У двери стояла охранница.
– Там тетрадки, – сказала Ада. – Я не выбросила их. В них все. Вся правда. Моя правда.
– Нет, – ответила Ада. – Нет.
Историческая справка
При том, что Вторая мировая война образует фон этого романа, сюжет и характеры исторических персонажей целиком вымышлены.
Концентрационный лагерь в Дахау появился в марте 1933 года, спустя очень недолгое время после прихода к власти нацистов, став прототипом других лагерей. Первоначально этот лагерь предназначался для политических заключенных, но позднее его расширили, добавив другие категории узников, в том числе религиозные, сексуальные и этнические меньшинства, евреев и союзнических военнопленных. Число пленных возросло радикально в последние месяцы войны, когда в Дахау начали перебрасывать заключенных из лагерей, находившихся по линии наступления союзников. «Переселенцы» прибывали в Дахау больными и изможденными, усугубляя скученность и антисанитарные условия лагерного существования. Хотя Дахау не был лагерем уничтожения, десятки тысяч узников умерли там, их трупы сжигали в огромных печах. Дахау (и лагеря, входившие в его структуру) был освобожден вторым по счету, но первым, куда допустили журналистов, и поэтому он занимает символическое место в истории зверств нацизма.
Гражданские узники концлагерей, многие из которых были вывезены с оккупированных территорий, трудились в качестве рабов на фабриках, в больницах и даже в частных домах. Я не знаю, использовался ли такой труд в доме коменданта Дахау. Это мой вымысел. Но я точно знаю, что моя тетя, монахиня, была захвачена нацистами в оккупированной Франции и отправлена на работу в дом для престарелых; впрочем, стариковский приют в романе, как и его местонахождение, придуман мною, и я не ручаюсь за его точное соответствие общей картине ухода за престарелыми в Третьем рейхе.
Мартин Вайс был комендантом Дахау с января 1942-го по сентябрь 1943-го и повторно занял этот пост на короткое время в апреле 1945-го. Вильгельм Эдуард Вайтер служил комендантом с сентября 1943-го по апрель 1945-го. Вайс был казнен по обвинению в военных преступлениях; Вайтер покончил с собой. Вайс никогда не был женат. Его любовница – персонаж вымышленный, так же как герр Дитер Вайс, фрау Вайтер и другие обитатели комендантского дома, включая, разумеется, Аду. Мне не известны какие-либо документальные упоминания о портнихе из Дахау.
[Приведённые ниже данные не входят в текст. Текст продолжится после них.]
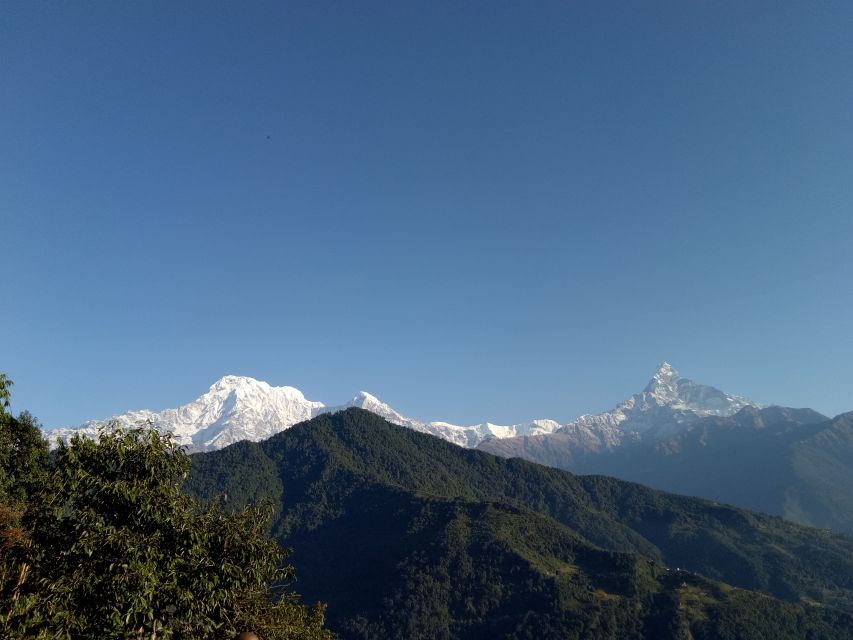 1 N 2 Days easy Dhampus,Australian camp trek from Pokhara - Day 2: Sunrise photos, breakfast, then down to Dhampus Phedi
Источники, обнаруженные в Государственном архиве, по логистике репатриации британских граждан (или пострадавших британских подданных, как их называли), интернированных в Германии либо в оккупированной Европе, свидетельствуют о том, что урожденных британцев, состоявших в браке с немцами и пожелавших вернуться в Британию, рассматривали как иммигрирующих ради выгоды – в данном случае ради лучшего снабжения товарами и продовольствием. Их репатриацию (как и репатриацию некоторых других граждан) должны были оплатить родственники. Если те не могли (или не желали) платить, тогда возвращение на родину таких ПБП брал на себя Красный Крест, заодно обеспечивая их, в случае необходимости, одеждой; Британский консульский отдел выдавал проездные документы и обеспечивал транспорт, а также сообщал семьям о грядущем возвращении их родственника. Британцев, интернированных в Германии, репатриировали по морю из Куксхафена в Гулль; перемещение из Гулля к месту жительства оплачивали Красный Крест и Главное управление по делам беженцев. По прибытии в Великобританию (в означенный порт, не на железнодорожную станцию) беженцев регистрировали и выдавали им продуктовые карточки. Если репатриант лишился средств к существованию и жилья, Организация помощи беженцам выдавала ему недельное содержание и устраивала в общежитие; Министерство здравоохранения либо представитель Центра для перемещенных лиц в случае крайней нужды снабжали репатриантов одеждой. Однако женщины, родившиеся в Британии, должны были сами позаботиться о своем обустройстве по возвращении на родину.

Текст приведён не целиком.